2. Compare the total number of uploaded videos by US members versus non-US members.
- Define `member_region = 'US'` when `country = 'usa'`, otherwise `member_region = 'Non-US'`.
- Output columns: `member_region`, `total_video_posts`.
3. For each country, count how many **distinct members** have posted **at least one** video longer than 60 seconds.
- Output columns: `country`, `members_with_video_over_60s`.

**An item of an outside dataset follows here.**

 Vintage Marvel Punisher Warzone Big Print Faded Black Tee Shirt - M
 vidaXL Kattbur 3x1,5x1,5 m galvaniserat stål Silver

Quick Answer: A LinkedIn data scientist technical-screen question on member video-posting behavior using two relational tables. It tests joins, first-event derivation with MIN/GROUP BY, conditional grouping for US vs non-US comparison, and distinct-member counts per country with a length filter.
Solution
### Part 1 — Members whose first video was posted on their join date
Compute each member's earliest upload date, then count those whose earliest upload date equals their join date.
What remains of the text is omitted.